There are also ‘closed datasets’, which are owned and sold by private companies, such as Quintiles. These closed datasets also have increased potential in big-data applications through data linkage. Dr. Foster, a company that was initially set up in partnership with the UK Department of Health, analyses closed datasets to provide hospital data analytics, including the controversial Hospital Standardised Mortality Ratios (HSMRs), which were part of identifying the high mortality rates in the Mid Staffordshire NHS [National Health Service] Trust, which led to the Francis Inquiry. These mortality ratios are adjusted for case mix, age and co-morbidities so that a fair comparison can be made, although this is disputed by some who argue that it is over-sensitive to local differences in clinical coding within hospitals . Hospital readmissions are notoriously tricky to predict, despite there being several algorithms already, such as PARR+ (Patients at Risk of Readmission), that estimate a patient’s probability of being readmitted. The Heritage Health Prize was a competition where analysts were given access to a large hospital training dataset and were asked to produce an algorithm that would predict hospital readmissions as accurately as possible in a test dataset .
Table 1 shows a list of the types of datasets and an example of each one. These datasets are not all uniquely linked to the big-data phenomenon; some have been around for many years. But within each category, big data will mean that capability is increased.

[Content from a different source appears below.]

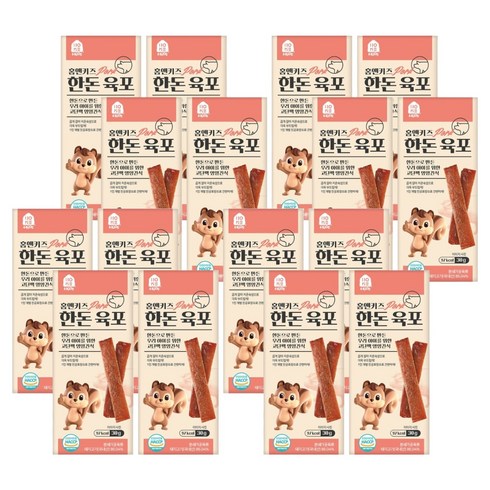 홈앤키즈 육포, 한돈육포, 30g, 16개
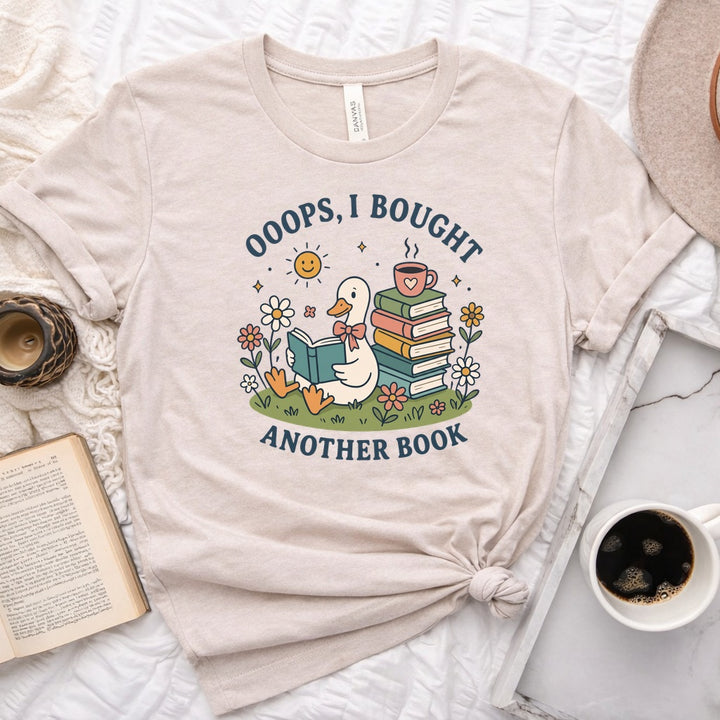 Ooops I Bought Another Book unisex tee with bookish graphic, perfect for readers and book lovers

Most big-data applications use the internet. The influential book Super Crunchers  detailed how companies such as Amazon record every click a customer makes and how long it takes, and sometimes they test out different prices for the same product; this has been employed controversially by budget airlines, who increase prices when a customer looks at a flight several times. Healthcare data are one of the types of data that individuals are less willing or less likely to share on the internet, so it could be argued that there are fewer applications for acquiring these data routinely. Google Flu Trends was a big-data ‘collective intelligence’ system, which recorded web searches for flu symptoms and was postulated as an early warning system for flu outbreaks. However, despite some early success, it was found in subsequent analyses to be not very accurate in predicting rates of flu cases . Because Google’s algorithms are proprietary and not openly available, they cannot be interrogated by other researchers.